Boaters and fishermen moved less often; their motors eerily emanated from the haze; occasionally, distant tree-tops gave a hint of outline. For days, it’s been like an oriental painting: ethereal edges around nearer objects. The weird thing is that there have been only minor smoke smells; we finally concluded that the moisture rising from the lake attaches to the fine smoke particles creating, for lack of another word, “smoke/fog,” or “smog.”


After Labor Day, most campers left vacant campsites, leaving a sense of isolation that some folks find unnerving—not us. The activity of cars and campers so declined that we were almost startled to hear children’s voices echo from the trees with no warning; someone camping far away sent them on a walk, their chattering preceding them through the woods. The fog goes through ephemeral changes of hue.


Limited internet allows glimpses into the horrors of (many) arsonist-started conflagrations, ravaging people’s lives, homes, possessions and livelihoods. Do not succumb to the blathering about “climate change” causing fires when your own eyes and mind can tell you that anti-logging, anti-thinning, anti-clearing of dead trees—are the true conditions that turn routine forest fires, part of California’s climate for centuries, into raging monsters.


We have driven along some Central Oregon highways and seen, on one side, a forest cleared of undergrowth with spaced trees—and on the other side a thicket of bushes and trees providing a continuous layer of flammable material up to the tree crowns—it’s obvious what is to blame: naïve, bad forest practices, not so-called “climate change.” Climate alarmists predictions have failed—they’ve no credibility.


Chapter 188 of the weekly “dump on Trump” scandal/outrage du jure brought us the “shocking” revelation that President Trump chose to “downplay” the COVID-19 seriousness so as to not cause panic. 1) Do Trump’s deranged critics really forget the “great toilet paper hoarding of 2020”? Or the anxiety over face mask shortages? Ventilator stockpiling? Dr. Fauci actually admitted that they all downplayed the need for masks to prevent shortages for medical needs.

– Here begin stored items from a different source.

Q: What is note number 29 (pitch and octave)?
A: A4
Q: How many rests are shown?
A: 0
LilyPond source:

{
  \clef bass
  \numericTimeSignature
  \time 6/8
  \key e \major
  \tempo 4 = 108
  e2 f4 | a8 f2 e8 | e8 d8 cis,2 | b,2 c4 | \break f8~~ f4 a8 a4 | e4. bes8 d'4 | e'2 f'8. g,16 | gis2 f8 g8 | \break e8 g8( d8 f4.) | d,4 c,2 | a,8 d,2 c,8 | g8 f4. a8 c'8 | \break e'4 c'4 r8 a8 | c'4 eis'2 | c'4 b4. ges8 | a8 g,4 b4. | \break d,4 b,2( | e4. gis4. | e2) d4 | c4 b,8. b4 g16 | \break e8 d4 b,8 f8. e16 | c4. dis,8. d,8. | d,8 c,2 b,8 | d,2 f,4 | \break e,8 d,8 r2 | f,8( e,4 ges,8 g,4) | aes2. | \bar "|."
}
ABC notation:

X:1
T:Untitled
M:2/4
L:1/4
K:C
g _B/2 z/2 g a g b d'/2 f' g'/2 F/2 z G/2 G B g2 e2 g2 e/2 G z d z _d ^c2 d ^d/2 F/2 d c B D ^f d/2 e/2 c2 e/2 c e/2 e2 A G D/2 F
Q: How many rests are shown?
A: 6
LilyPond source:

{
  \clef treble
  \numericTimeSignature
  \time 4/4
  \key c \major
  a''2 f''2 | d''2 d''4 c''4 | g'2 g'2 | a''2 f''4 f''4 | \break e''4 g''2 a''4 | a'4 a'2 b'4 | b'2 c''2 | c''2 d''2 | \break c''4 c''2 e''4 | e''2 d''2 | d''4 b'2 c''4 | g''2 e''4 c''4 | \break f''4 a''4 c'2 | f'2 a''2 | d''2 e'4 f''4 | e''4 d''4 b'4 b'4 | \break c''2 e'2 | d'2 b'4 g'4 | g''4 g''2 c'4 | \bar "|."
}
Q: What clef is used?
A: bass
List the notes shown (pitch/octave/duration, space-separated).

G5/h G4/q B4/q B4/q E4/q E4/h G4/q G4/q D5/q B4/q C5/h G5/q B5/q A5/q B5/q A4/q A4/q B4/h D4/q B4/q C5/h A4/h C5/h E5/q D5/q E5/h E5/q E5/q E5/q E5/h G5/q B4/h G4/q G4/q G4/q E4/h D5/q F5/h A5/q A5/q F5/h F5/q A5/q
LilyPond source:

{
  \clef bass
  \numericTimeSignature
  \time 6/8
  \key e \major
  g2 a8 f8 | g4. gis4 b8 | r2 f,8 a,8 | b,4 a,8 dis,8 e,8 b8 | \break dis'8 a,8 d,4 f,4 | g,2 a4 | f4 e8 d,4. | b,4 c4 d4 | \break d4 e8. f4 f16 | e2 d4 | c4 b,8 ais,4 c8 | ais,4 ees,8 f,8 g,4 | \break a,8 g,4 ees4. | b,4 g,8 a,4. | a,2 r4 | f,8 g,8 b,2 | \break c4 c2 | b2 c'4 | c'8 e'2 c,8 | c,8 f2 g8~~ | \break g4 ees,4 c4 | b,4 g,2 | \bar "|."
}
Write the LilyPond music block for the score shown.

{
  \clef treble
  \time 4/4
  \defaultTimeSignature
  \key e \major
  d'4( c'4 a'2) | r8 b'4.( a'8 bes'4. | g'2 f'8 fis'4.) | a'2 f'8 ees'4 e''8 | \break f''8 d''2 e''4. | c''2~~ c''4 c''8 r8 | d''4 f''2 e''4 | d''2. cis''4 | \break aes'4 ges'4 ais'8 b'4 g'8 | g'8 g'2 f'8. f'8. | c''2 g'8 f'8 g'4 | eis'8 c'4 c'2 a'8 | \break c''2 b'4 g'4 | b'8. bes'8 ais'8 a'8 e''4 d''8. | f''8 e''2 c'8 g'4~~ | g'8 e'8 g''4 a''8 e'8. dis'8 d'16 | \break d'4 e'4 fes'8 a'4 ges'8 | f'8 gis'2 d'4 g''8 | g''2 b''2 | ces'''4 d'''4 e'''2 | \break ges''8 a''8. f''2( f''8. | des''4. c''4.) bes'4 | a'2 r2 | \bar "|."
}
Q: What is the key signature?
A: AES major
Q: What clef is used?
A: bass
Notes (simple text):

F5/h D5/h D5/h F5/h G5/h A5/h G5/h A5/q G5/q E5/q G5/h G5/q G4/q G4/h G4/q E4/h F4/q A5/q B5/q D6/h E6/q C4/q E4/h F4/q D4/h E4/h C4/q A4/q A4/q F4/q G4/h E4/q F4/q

2) Hypocrisy alone explains knee-jerk Trump-hatred twisting their logic into “just oppose anything Trump does or says.” HCQ has, for decades, been a harmless easily-acquired anti-malarial drug with evidence of effectiveness in early-stage Wu-flu treatment. Dems: “You’re gonna die!” Tell that to Uganda’s 46 million people routinely taking it—only 55 deaths from COVID.


3) Trump’s travel restrictions worked—to limit infections from abroad, and to elicit unthinking charges of “xenophobia,” “racism” from partisan, hack Democrats. Given New York city’s massive infections and deaths, Trump should have quarantined their travel elsewhere—imagine the howls.


Headlines from 6 months ago: “List: 74 actions taken by Trump to fight virus and bolster economy”; “The Real Coronavirus Chronology Shows Trump Was On Top Of It While Biden Was Mocking The Danger—No media or Nancy Pelosi false narratives or phony Joe Biden campaign ads can change the truth about the real chronology of the coronavirus”; “US was more prepared for pandemic than any other country, Johns Hopkins study found”; “Trump’s Coronavirus Advice Was Inconsistent, But So Were the Experts.”


Current headlines: “People trust the media less than Trump on COVID. Here’s why,” (Stephen L. Miller, 9/12); “The real reason no one is buying the media’s latest deranged lies about Donald Trump” (C. Barron, 9/10); “Democrats’ Opposition to a COVID-19 vaccine could cost lives” (Thefederalist.com, 9/11)


Perhaps Trump’s resounding reelection will deflate Democrat derangement.